**Directions**
Word for word, reproduce every record in the listing below.

**Record extracts**

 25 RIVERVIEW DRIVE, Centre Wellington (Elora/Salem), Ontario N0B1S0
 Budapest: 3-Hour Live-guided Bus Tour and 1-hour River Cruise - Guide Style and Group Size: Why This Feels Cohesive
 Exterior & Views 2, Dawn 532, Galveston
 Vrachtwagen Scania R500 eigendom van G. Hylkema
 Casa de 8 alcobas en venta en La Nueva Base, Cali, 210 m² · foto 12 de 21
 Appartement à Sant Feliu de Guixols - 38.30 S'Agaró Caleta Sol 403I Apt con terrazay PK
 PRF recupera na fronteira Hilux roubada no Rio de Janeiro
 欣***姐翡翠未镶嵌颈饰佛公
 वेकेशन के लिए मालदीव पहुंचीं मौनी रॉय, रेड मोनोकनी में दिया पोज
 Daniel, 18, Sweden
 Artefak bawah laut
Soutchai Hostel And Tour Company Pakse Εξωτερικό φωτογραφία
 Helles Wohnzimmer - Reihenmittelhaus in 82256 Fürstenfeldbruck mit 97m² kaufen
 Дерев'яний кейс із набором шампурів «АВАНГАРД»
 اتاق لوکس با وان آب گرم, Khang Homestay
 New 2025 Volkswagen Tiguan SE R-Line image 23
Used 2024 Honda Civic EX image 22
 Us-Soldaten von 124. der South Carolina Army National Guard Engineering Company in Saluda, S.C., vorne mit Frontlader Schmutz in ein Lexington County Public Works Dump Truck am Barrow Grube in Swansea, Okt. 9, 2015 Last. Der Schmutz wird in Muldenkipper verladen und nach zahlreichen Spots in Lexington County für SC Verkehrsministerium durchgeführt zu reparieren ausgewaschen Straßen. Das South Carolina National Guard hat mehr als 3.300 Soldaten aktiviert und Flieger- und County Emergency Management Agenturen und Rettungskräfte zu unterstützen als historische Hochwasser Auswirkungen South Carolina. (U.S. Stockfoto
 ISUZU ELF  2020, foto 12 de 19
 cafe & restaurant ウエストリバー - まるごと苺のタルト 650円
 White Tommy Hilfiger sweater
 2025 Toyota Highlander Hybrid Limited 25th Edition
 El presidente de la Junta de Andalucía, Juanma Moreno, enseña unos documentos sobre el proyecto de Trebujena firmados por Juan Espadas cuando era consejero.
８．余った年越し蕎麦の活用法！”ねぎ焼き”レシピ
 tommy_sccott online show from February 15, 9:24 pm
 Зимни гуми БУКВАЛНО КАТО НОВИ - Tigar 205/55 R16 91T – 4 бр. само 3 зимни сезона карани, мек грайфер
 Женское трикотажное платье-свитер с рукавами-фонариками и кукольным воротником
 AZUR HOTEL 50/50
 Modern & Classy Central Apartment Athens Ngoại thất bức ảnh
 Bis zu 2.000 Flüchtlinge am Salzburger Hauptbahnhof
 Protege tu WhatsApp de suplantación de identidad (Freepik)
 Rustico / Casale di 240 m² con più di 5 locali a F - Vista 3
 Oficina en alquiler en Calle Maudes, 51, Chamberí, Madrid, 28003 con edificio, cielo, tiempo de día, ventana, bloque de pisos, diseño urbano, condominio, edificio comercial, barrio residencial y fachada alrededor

**The completed task**
 25 RIVERVIEW DRIVE, Centre Wellington (Elora/Salem), Ontario N0B1S0
 Budapest: 3-Hour Live-guided Bus Tour and 1-hour River Cruise - Guide Style and Group Size: Why This Feels Cohesive
 Exterior & Views 2, Dawn 532, Galveston
 Vrachtwagen Scania R500 eigendom van G. Hylkema
 Casa de 8 alcobas en venta en La Nueva Base, Cali, 210 m² · foto 12 de 21
 Appartement à Sant Feliu de Guixols - 38.30 S'Agaró Caleta Sol 403I Apt con terrazay PK
 PRF recupera na fronteira Hilux roubada no Rio de Janeiro
 欣***姐翡翠未镶嵌颈饰佛公
 वेकेशन के लिए मालदीव पहुंचीं मौनी रॉय, रेड मोनोकनी में दिया पोज
 Daniel, 18, Sweden
 Artefak bawah laut
Soutchai Hostel And Tour Company Pakse Εξωτερικό φωτογραφία
 Helles Wohnzimmer - Reihenmittelhaus in 82256 Fürstenfeldbruck mit 97m² kaufen
 Дерев'яний кейс із набором шампурів «АВАНГАРД»
 اتاق لوکس با وان آب گرم, Khang Homestay
 New 2025 Volkswagen Tiguan SE R-Line image 23
Used 2024 Honda Civic EX image 22
 Us-Soldaten von 124. der South Carolina Army National Guard Engineering Company in Saluda, S.C., vorne mit Frontlader Schmutz in ein Lexington County Public Works Dump Truck am Barrow Grube in Swansea, Okt. 9, 2015 Last. Der Schmutz wird in Muldenkipper verladen und nach zahlreichen Spots in Lexington County für SC Verkehrsministerium durchgeführt zu reparieren ausgewaschen Straßen. Das South Carolina National Guard hat mehr als 3.300 Soldaten aktiviert und Flieger- und County Emergency Management Agenturen und Rettungskräfte zu unterstützen als historische Hochwasser Auswirkungen South Carolina. (U.S. Stockfoto
 ISUZU ELF  2020, foto 12 de 19
 cafe & restaurant ウエストリバー - まるごと苺のタルト 650円
 White Tommy Hilfiger sweater
 2025 Toyota Highlander Hybrid Limited 25th Edition
 El presidente de la Junta de Andalucía, Juanma Moreno, enseña unos documentos sobre el proyecto de Trebujena firmados por Juan Espadas cuando era consejero.
８．余った年越し蕎麦の活用法！”ねぎ焼き”レシピ
 tommy_sccott online show from February 15, 9:24 pm
 Зимни гуми БУКВАЛНО КАТО НОВИ - Tigar 205/55 R16 91T – 4 бр. само 3 зимни сезона карани, мек грайфер
 Женское трикотажное платье-свитер с рукавами-фонариками и кукольным воротником
 AZUR HOTEL 50/50
 Modern & Classy Central Apartment Athens Ngoại thất bức ảnh
 Bis zu 2.000 Flüchtlinge am Salzburger Hauptbahnhof
 Protege tu WhatsApp de suplantación de identidad (Freepik)
 Rustico / Casale di 240 m² con più di 5 locali a F - Vista 3
 Oficina en alquiler en Calle Maudes, 51, Chamberí, Madrid, 28003 con edificio, cielo, tiempo de día, ventana, bloque de pisos, diseño urbano, condominio, edificio comercial, barrio residencial y fachada alrededor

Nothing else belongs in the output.